YOUR GOAL → Search the material below for lines containing the string "Suit", and copy every one you find.

# # # # #

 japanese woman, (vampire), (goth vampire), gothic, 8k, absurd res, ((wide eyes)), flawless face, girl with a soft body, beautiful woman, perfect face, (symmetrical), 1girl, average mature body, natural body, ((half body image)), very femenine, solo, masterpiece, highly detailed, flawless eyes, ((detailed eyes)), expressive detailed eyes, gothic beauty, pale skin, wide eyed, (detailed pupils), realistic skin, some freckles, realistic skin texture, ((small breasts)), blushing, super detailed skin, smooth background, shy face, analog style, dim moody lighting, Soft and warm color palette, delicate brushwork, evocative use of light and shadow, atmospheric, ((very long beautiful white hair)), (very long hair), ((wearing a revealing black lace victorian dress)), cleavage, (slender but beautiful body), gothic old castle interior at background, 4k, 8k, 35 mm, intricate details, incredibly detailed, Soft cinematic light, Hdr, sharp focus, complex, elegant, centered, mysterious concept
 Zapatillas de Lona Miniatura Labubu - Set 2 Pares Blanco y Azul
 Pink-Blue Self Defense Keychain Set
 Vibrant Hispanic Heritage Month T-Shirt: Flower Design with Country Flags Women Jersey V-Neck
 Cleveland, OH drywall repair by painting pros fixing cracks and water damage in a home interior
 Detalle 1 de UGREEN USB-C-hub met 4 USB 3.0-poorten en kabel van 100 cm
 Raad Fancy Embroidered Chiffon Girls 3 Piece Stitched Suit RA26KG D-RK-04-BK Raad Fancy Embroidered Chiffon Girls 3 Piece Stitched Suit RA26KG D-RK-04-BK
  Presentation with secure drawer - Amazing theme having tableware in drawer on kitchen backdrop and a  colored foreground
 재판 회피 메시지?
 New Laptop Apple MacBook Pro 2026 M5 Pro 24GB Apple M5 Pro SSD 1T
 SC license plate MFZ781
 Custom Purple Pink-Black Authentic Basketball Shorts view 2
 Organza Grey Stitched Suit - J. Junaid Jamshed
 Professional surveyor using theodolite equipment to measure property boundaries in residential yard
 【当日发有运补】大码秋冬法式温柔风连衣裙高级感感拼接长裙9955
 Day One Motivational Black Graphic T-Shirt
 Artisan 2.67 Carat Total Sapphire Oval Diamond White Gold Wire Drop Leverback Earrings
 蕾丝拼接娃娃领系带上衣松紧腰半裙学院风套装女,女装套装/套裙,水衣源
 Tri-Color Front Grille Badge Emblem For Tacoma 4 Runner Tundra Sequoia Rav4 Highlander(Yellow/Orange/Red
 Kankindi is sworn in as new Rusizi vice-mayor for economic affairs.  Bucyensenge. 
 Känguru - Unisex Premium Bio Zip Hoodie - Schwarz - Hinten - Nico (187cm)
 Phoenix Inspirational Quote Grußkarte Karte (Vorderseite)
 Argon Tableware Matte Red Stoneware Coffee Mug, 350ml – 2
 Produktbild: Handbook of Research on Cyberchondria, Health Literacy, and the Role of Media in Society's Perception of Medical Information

# # # # #

SOLVED PROBLEM →
 Raad Fancy Embroidered Chiffon Girls 3 Piece Stitched Suit RA26KG D-RK-04-BK Raad Fancy Embroidered Chiffon Girls 3 Piece Stitched Suit RA26KG D-RK-04-BK
 Organza Grey Stitched Suit - J. Junaid Jamshed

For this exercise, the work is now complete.